9. Dofflemeyer receives $710 per month from the annuities that Dona Ana seeks to garnish.
10. Without the income from the retirement fund/annuities, Dofflemeyer would lack the resources to continue his independent living existence.
11. Without the income from the retirement fund/annuities, Dofflemeyer would either be forced on the public dole or would increase the likelihood of his becoming a public charge.

The Legislature has expressed clearly its intent to protect the retirement income of individuals. This Court has long held that exemption statutes are to be liberally construed in favor of the debtor. See In re Spitz Bros., 8 N.M. 622, 635, 45 P. 1122, 1125 (1896). Like the homestead exemption statute, the retirement exemption statute “was adopted as a humane policy to prevent families from becoming destitute as the result of misfortune through common debts which generally are unforeseen.” See Hewatt v. Clark, 44 N.M. 453, *596457, 103 P.2d 646, 649 (1940). “By permitting the debtor to keep those assets necessary for his economic survival, state exemption laws fulfill important social policies which must be balanced against the need for creditor protection.” Alan N. Resnick, Prudent Planning or Fraudulent Transfer? The Use of Nonexempt Assets to Purchase or Improve Exempt Property on the Eve of Bankruptcy, 31 Rutgers L.Rev. 615, 615 (1978). “[I]t is consistent to permit the debtor to ... purchase new exempt property on the eve of bankruptcy, so long as the items ... purchased will at least partially relieve the debtor of the need for governmental assistance.” Id. at 627.

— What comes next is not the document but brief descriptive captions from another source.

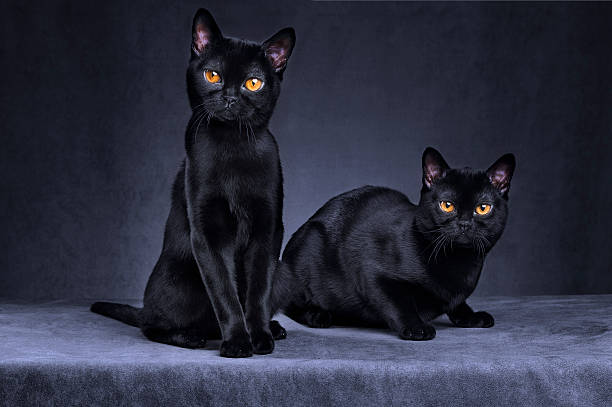black cats - black cat stock pictures, royalty-free photos & images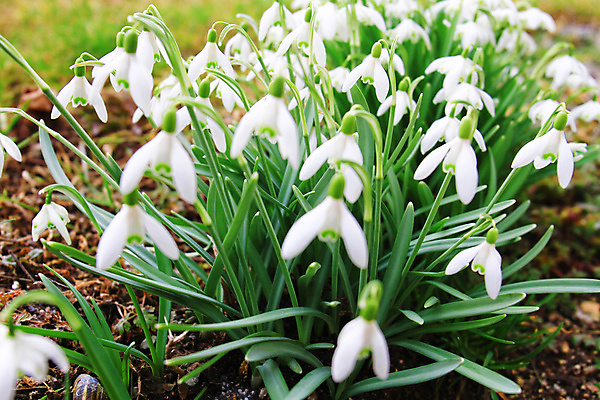 포토 JPG 해외이미지 식물 1 꽃잎 꽃 백그라운드 잎 겨울 꽃무늬 밭 자연 새로움 사람없음 초록색 정원 봄 성장 벚꽃 흰색 신선 개화 숲 심볼 보케 화단 내추럴 떠남 블러 스노드롭 헌병 해외포토 계절 컬러 컨셉 무늬 농업 모션 군인 생태계 파일형식 이미지허브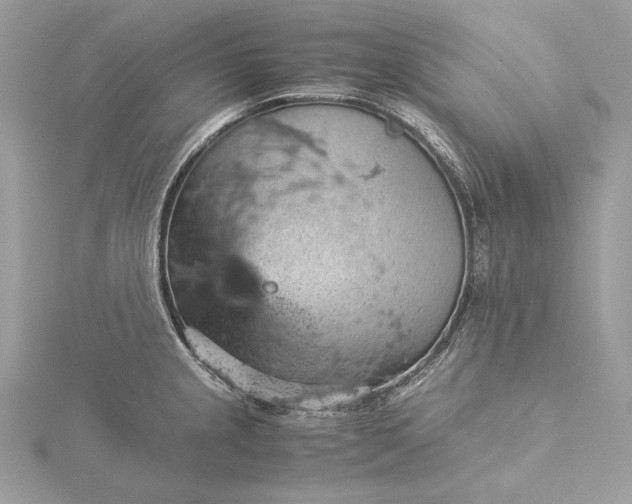 X0000116001237200912031502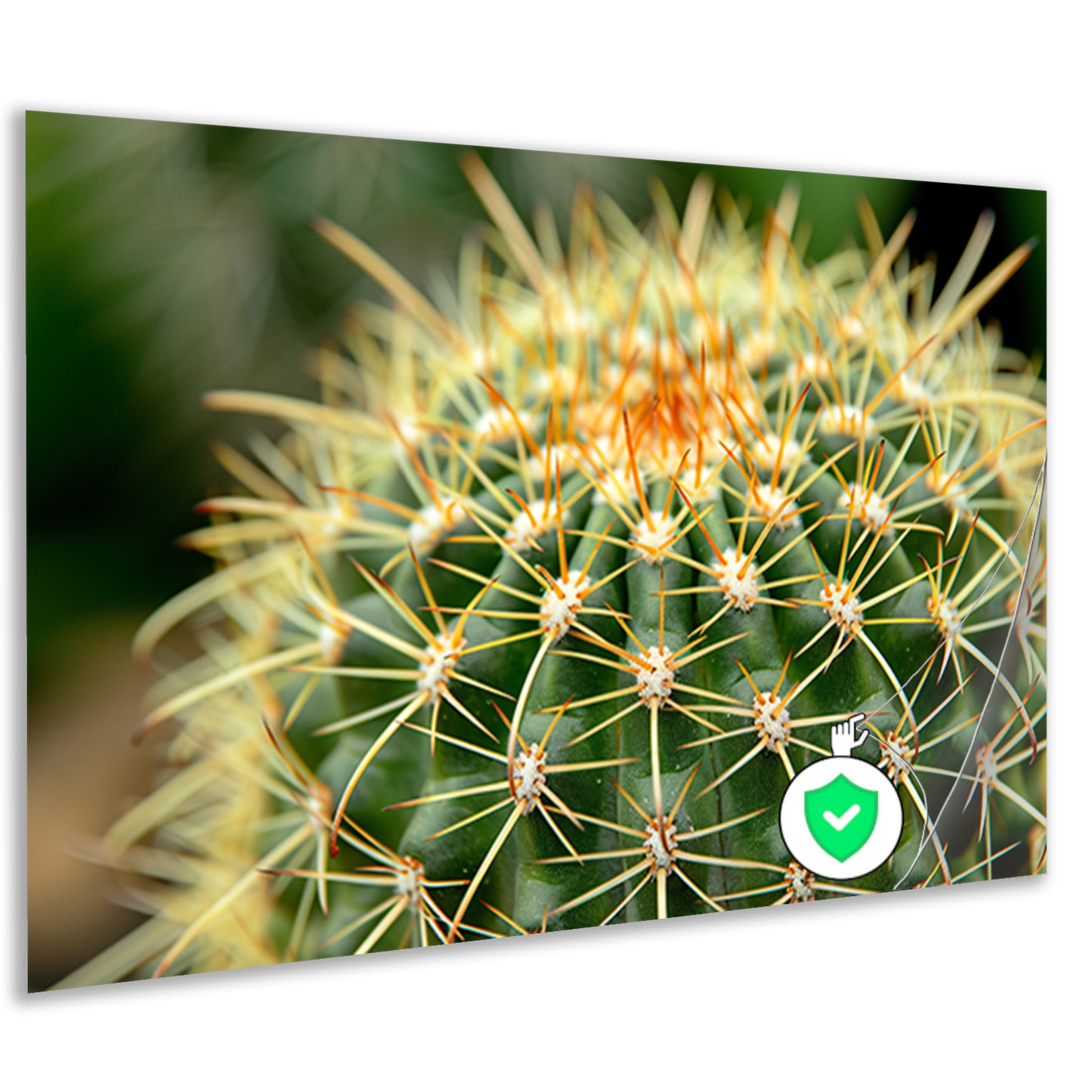 Gedetailleerde close-up van een cactusplant poster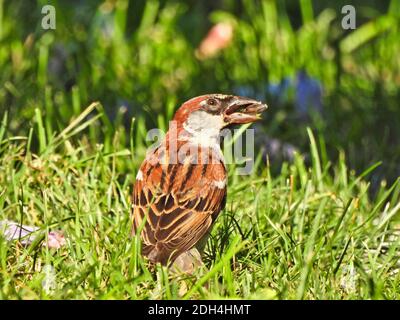 Haussparrow sitzt im Gras mit Sonnenblumensamen im Mund Mit Sun Shining als sieht seitwärts in einer Profilansicht Stockfoto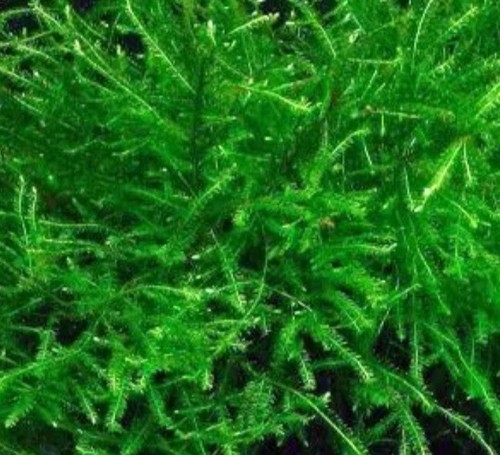 Java moss 20g - java,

The trial court had before it evidence that Dofflemeyer’s intent in transferring his assets from certificates of deposit to retirement annuities was to provide retirement income in order to pay for necessities. There was no extrinsic evidence that Dofflemeyer’s intent was to defraud his creditors. “Fraud can never be predicated on an act which the law permits.” In re Tveten, 402 N.W.2d 551, 553 (Minn.1987). Therefore, I would affirm the trial court.